Polynomial puzzle
Let $ x_{1}, \dots , x_{n} $ be the positive real roots of $ P $. We have that $$ \prod_{i=1}^{n}x_{i}=(-1)^{n}a_{0}=a_{0} $$ and $$ \sum_{i=1}^{n}\prod_{j \neq i}x_{j}=(-1)^{n-1} \cdot (-n)=n $$ The last equality can be rewritten as $$ \prod_{i=1}^{n}x_{i} \cdot \sum_{i=1}^{n} \frac{1}{x_{i}}=n $$ Therefore the harmonic mean of the $ x_{i}'s $ is $$ \frac{n}{\sum_{i=1}^{n} \frac{1}{x_{i}}}=\prod_{i=1}^{n}x_{i} $$ On the other hand, we know that $$ \frac{n}{\sum_{i=1}^{n} \frac{1}{x_{i}}} \leq (\prod_{i=1}^{n}x_{i})^{\frac{1}{n}} \leq \prod_{i=1}^{n}x_{i} $$ since $$ \prod_{i=1}^{n}x_{i}=a_{0}=P(0) \geq 1 $$ So the harmonic mean and the geometric mean of the $ x_{i}'s$ must be equal, thus the $ x_{i}'s $ must be equal to some positive real number $ a $ and since $$ a^{n}=\frac{n}{\frac{n}{a}} $$ we conclude that $ a=1 $ is the unique root of $ P $ of multiplicity $ n $. So $ P(x)=(x-1)^{n} $ which implies that $ P(2)=1 $.
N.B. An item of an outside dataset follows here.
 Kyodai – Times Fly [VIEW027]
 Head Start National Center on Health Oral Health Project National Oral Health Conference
Since $P$ has $n$ real roots we can write \begin{eqnarray} P(x) & = & x^n+a_{n-1}x^{n-1}+\cdots a_2x^2 -nx + a_0 \\ & = & (x-x_1)(x-x_2)\cdots(x-x_n) \\ & = & x^n + a_{n-1}x^{n-1} + \cdots a_2x^2 +(-1)^{n-1}(\sum_{i=1}^n\prod_{j\neq i} x_j)\, x + x_1x_2\cdots x_n \end{eqnarray} Therefore $x_1x_2\cdots x_n = a_0$ and $(-1)^{n-1}(\sum_{i=1}^n\prod_{j\neq i} x_j) = -n$. But since $n$ is even the latter equality together with $\prod_{j\neq i}x_j = \dfrac{a_0}{x_i}$ gives $\sum_{i=1}^n\dfrac{a_0}{x_i} = n$.
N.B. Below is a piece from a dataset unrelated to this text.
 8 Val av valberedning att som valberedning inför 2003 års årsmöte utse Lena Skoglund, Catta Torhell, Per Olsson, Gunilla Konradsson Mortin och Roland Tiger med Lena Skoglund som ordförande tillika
By assumption $P(0)= a_0 = x_1x_2\cdots x_n\geq1$. However, by the AM-GM inequality, $$1=\frac{\sum_{i=1}^n\dfrac{a_0}{x_i}}{n}\geq a_0\left(\frac{1}{x_1x_2\cdots x_n}\right)^\frac{1}{n} = a_0^{1-\frac{1}{n}}\geq 1$$ with equality only at $\dfrac{a_0}{x_1}=\dfrac{a_0}{x_2}=\ldots=\dfrac{a_0}{x_n}$. Because equality holds, we know that all $\dfrac{a_0}{x_i}=1$ and therefore $\dfrac{a_0^n}{x_1x_2\cdots x_n} = a_0^{n-1} = 1$ which implies $a_0=1$ and hence $x_i=1.$ $P(2) = 1$ now follows directly as desired.